Die meisten Etikettendrucker verarbeiten ein Standard-Versandetikett von 4 mal 6 Zoll, das den Anforderungen gängiger Frachtführer entspricht. Einige Modelle nehmen breitere Medien für größere Anhänger oder mehrspaltige Layouts auf. Auch der Inhalt ist wichtig. Wenn jedes Etikett denselben Barcode und Text trägt, funktioniert fast jeder Drucker. Wenn jedes Etikett einen anderen Code benötigt, etwa eine Produktnummer oder Sendungsnummer, wählen Sie einen Drucker mit 32-Bit-Prozessor, damit er ohne Pausen zwischen den Etiketten mithält.
Für schärfere Bilder oder kleine Barcodes ist ein Druckkopf mit 300 dpi eine sinnvolle Aufwertung gegenüber den Standard-203 dpi. Hochauflösende Köpfe kosten etwas mehr, erzeugen aber sauberere Kanten bei Text und Symbolen. Einige Modelle bieten 600 dpi für sehr dichte Codes.
Direktthermodruck oder Thermodruck mit Farbband?
Zwei Technologien beherrschen den Markt. Der Direktthermodruck nutzt Hitze, um das Papier zu schwärzen, sodass kein Farbband nötig ist.
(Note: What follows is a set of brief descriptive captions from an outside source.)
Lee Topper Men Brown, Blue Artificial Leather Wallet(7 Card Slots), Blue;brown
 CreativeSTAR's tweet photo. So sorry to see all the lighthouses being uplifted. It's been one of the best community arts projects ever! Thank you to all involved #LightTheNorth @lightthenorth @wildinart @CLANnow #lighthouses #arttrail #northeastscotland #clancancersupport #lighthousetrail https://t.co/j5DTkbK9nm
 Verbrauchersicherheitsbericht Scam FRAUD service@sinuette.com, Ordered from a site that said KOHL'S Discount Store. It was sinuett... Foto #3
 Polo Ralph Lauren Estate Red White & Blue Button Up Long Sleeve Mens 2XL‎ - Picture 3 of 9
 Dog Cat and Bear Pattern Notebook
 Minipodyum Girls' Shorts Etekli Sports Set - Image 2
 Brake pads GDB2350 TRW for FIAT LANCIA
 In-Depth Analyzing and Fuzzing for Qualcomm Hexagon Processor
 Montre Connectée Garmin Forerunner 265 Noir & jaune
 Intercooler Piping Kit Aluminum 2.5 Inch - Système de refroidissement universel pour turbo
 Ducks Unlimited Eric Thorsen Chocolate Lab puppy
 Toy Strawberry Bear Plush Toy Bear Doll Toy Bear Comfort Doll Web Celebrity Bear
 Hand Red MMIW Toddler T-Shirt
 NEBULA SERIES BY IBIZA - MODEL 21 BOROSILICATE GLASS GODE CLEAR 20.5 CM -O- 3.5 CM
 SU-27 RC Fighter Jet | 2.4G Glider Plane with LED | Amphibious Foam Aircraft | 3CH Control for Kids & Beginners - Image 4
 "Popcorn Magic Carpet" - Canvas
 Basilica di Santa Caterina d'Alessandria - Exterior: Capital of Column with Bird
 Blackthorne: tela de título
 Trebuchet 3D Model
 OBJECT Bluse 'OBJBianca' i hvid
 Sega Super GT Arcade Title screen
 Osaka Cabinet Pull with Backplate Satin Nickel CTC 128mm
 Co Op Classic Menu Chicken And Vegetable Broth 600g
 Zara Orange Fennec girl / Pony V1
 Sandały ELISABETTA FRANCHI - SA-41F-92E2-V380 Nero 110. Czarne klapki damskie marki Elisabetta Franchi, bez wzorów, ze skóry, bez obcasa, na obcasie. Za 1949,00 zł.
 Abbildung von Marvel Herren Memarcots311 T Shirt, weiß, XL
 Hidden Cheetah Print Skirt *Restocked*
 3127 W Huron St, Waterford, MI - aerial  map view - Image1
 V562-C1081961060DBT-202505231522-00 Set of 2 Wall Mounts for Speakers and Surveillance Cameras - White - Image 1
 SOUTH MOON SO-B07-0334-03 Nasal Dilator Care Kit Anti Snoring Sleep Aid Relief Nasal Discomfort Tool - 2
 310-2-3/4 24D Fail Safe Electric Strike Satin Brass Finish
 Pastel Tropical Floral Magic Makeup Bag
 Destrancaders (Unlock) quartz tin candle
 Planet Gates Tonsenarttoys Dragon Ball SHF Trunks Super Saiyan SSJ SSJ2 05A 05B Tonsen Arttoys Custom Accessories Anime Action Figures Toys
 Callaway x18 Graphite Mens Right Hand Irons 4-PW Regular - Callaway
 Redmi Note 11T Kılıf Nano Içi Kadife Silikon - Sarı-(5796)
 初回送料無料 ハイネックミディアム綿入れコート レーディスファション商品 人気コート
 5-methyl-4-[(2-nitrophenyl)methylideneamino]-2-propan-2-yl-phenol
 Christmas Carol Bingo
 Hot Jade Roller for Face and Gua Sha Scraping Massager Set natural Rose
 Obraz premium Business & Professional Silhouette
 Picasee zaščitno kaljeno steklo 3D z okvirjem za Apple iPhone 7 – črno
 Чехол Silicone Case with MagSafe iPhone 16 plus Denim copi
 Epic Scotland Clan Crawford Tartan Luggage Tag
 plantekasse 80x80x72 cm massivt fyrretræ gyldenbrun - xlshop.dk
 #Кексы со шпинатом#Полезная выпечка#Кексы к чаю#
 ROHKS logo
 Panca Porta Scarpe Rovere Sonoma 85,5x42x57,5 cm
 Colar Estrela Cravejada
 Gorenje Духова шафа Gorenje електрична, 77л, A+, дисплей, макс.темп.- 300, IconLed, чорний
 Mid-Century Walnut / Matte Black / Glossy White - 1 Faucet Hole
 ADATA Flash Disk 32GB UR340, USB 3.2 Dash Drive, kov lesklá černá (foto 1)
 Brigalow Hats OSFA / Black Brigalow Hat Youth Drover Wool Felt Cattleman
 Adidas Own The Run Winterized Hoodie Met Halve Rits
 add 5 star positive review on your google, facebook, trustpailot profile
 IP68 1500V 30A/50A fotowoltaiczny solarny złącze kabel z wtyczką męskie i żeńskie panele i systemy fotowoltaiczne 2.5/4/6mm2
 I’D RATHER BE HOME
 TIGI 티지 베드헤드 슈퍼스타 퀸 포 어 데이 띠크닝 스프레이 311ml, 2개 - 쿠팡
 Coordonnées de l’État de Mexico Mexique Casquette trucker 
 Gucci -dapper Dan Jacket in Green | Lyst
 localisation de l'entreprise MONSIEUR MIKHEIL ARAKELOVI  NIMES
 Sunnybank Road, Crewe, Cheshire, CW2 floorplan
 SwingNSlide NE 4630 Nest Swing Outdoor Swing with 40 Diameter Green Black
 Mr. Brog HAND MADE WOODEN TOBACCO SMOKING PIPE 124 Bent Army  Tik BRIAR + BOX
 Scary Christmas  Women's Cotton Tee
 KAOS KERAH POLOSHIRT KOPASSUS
Er ist günstig und schnell, doch das Bild verblasst mit der Zeit, was ihn am besten für kurzlebige Versandetiketten geeignet macht. Der Thermodruck mit Farbband verwendet ein Farbband, um Farbe auf das Etikett zu übertragen, sodass die Drucke Hitze, Feuchtigkeit und jahrelanger Lagerung standhalten. Wenn Ihre Etiketten lange halten müssen, ist der Thermodruck mit Farbband der sicherere Weg.
Wie schnell, und wo wird gedruckt?
Die Druckgeschwindigkeit liegt bei Desktop-Modellen üblicherweise zwischen 2 und 6 Zoll pro Sekunde und bei High-End-Industriegeräten bei bis zu 8 bis 12 Zoll pro Sekunde. Schnellere Ausgabe zählt, wenn eine Schicht endet und noch Hunderte Etiketten in der Warteschlange stehen. Auch der Aufstellort ist wichtig. Eine Produktionslinie oder ein Lagerboden verlangt ein Gerät mit Metallgehäuse. Eine Ladenkasse oder ein Büro kann ein kompaktes Desktop-Gerät nutzen, das sich leicht umstellen lässt.
Prüfen Sie die modernen Extras
Aktuelle Drucker werden mit USB, Ethernet und Wireless-Optionen geliefert, sodass Sie Aufträge von einem Computer oder einem Handscanner in die Warteschlange stellen können. Integrierte Etikettensoftware übernimmt Barcode-Erzeugung, Batch-Nummerierung und Vorlagen. Wenn Sie RFID-Etiketten drucken möchten, prüfen Sie vor dem Kauf, ob das Modell die RFID-Kodierung unterstützt.
Noch ein Punkt: Etikettendrucker sind stark bei Barcodes, Text und einfarbigen Grafiken. Vollfarbige Produktetiketten mit Fotos, Verläufen oder Markendesigns sind eine andere Aufgabe. Dafür bietet professioneller Etikettendruck einen größeren Farbraum, haltbare Materialien und Veredelungsoptionen, die ein Desktop-Thermodrucker nicht erreicht.